The second focus area is to eliminate “blame language.” Some words that are rooted in medical history have the tendency to feel judgmental. IASLC supports creating a more inclusive environment by prioritizing words that are more empathetic and non-judgmental. Phrases such as “unable to” or “not able to” may be a better choice than “non-compliant.” Similarly, “cancer progressed” is preferred over “patient progressed” and “treatment failed patient” is preferred over “patient failed treatment.” The phrase “chief concerns” is thought to sound more empathetic than “chief complaint.” Moreover, the phrase “risk reduction” is believed to be individual patient-centered compared to “prevention” which is population-centered. Risk reduction is therefore more aligned with the current communication direction of personalized medicine.

The third focus area concentrates on ending stigmas. The medical community has become aware that as aggressive public health policies and messages attempt to de-normalize smoking, there has been an increase in judgement towards those who have or currently smoke. Consequently, the intention behind these stigma-free language changes is to promote judgement-free, bias-free language instead of categorizing people by behaviors.

The guide suggests trying the phrase “person who smokes” and “person who doesn’t smoke” instead of “smoker” and “nonsmoker” as well as using the phrase “person with smoking history/exposure” instead of “former smoker.” Furthermore, the guide supports the use of the phrase “person with nicotine dependence” instead of “nicotine addict.”

“Society tends to believe that lung cancer is about tobacco, meaning that people do this to themselves, so they do not deserve our support and compassion,” noted Studts. “They know that the disease is “a devastating illness and people die, which can lead to fatalism, pessimism, and just a real sense of futility.”
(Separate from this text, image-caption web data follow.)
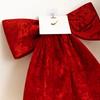 Festive Velvet Christmas Bow Red DIY Velvet Bow Large Hanging Bow Party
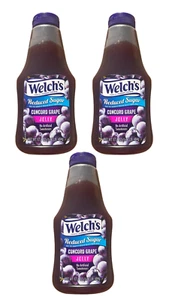 Welch's Reduced Sugar Concord Grape Jelly 17.1 oz (Pack of 3) - Picture 1 of 2
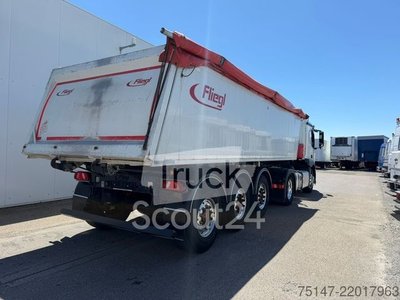 Tilter напівпричепів FLIEGL 3-Achs Alu-Kippmulde Lift вісь Rolling план 25 куб.м використовується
Respectful and considerate language is therefore essential to improving overall patient care, he added.

Lastly, the guide notes that language plays an important role in promoting equity among the lung cancer community. Respectfully language in this capacity includes cultural humility and sensitivity in light of race, ethnicity, gender, socioeconomic, and geographic descriptions.

“The language we have been using does not allow a more complex story to emerge about people's real experiences, and that tends to isolate and alienate the very people we are trying to help,” summarized Studts. “And, that stigma has impacted policy and the allocation of research dollars and funding over time.”
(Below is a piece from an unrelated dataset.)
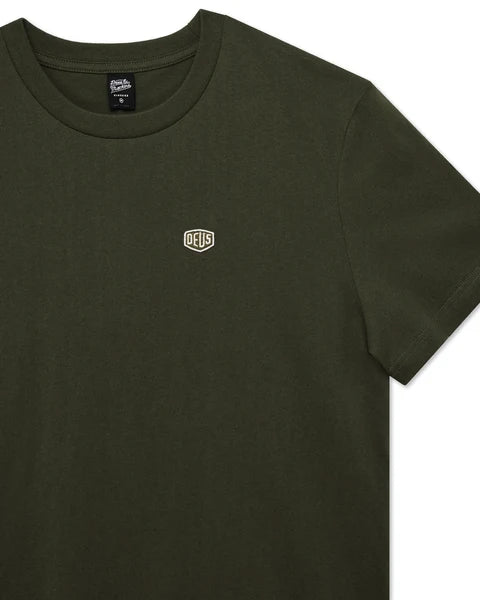 DEUS EX MACHINA Shield T-Shirt in Racing Green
“This is an incredible milestone and an acknowledgement of the importance of patients and academics forming partnerships for change,” added Ostroff. “The next step is to move it to the international stage, so there can be global improvement in ending the stigma of lung cancer.”
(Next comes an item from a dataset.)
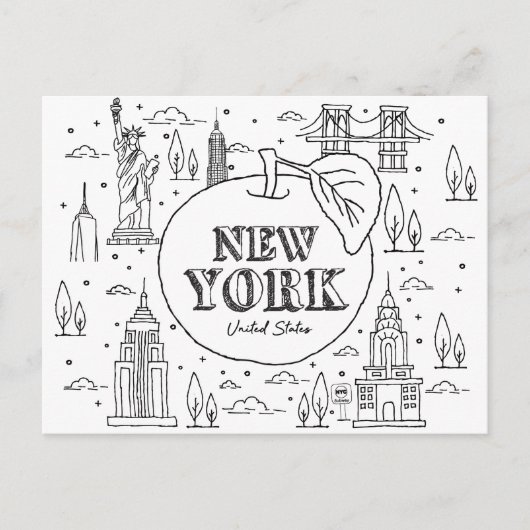 NYEニューヨーク休暇お土産NYCギフト ポストカード (正面)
Ostroff expressed that, for her, the most important aspect of the guide was that it was created alongside patient advocates.

“We came together from different places, with different methods and different training, but we all agree that words matter, and that it is possible to change the language we use to talk to and about persons with lung cancer, as well as about people who use tobacco,” Ostroff said. “And we can do that in a way that that conveys respect, inclusivity, and equity.”

Reference

  1. Language Guide. IASLC. May 2021. Accessed January 3, 2022. https://bit.ly/3mV7Z2y
  2. IASLC Releases the IASLC Language Guide: A Lexicon of Healing for Lung Cancer and Beyond. IASLC. News release. July 2, 2021. Accessed January 3, 2022.